Axel Jüptner

Personal information
- Date of birth: 26 April 1969
- Place of birth: Gemmrigheim, West Germany
- Date of death: 24 April 1998 (aged 28)
- Place of death: Bad Oeynhausen, Germany
- Position(s): Midfielder

Youth career
- 0000–1986: VfL Gemmrigheim
- 1986–1987: VfB Stuttgart

Senior career*
- Years: Team / Apps / (Gls)
- 1987–1989: VfB Stuttgart II
- 1988–1991: VfB Stuttgart / 25 / (0)
- 1991–1997: Bayer Uerdingen / 181 / (8)
- 1997–1998: Carl Zeiss Jena / 13 / (2)

= Axel Jüptner =

German footballer (1969–1998)

Axel Jüptner (26 April 1969 – 24 April 1998) was a German professional footballer who played as a midfielder.

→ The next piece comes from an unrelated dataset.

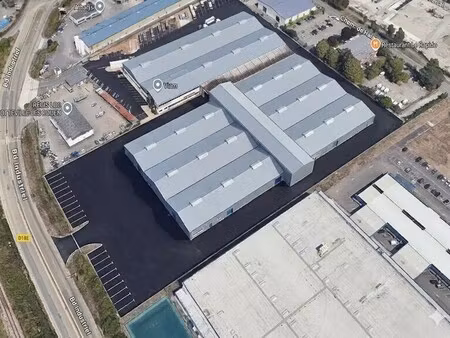 location entrepôt 10 400 m²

Jüptner played in the Bundesliga for VfB Stuttgart between 1988 and 1991. In 1991, he joined KFC Uerdingen 05 and helped win promotion to the Bundesliga the same year. He played for Uerdingen until November 1997, when he transferred to Carl Zeiss Jena. On 23 April 1998, during a training session in Jena, he suffered from myocardial infarction and died one day later.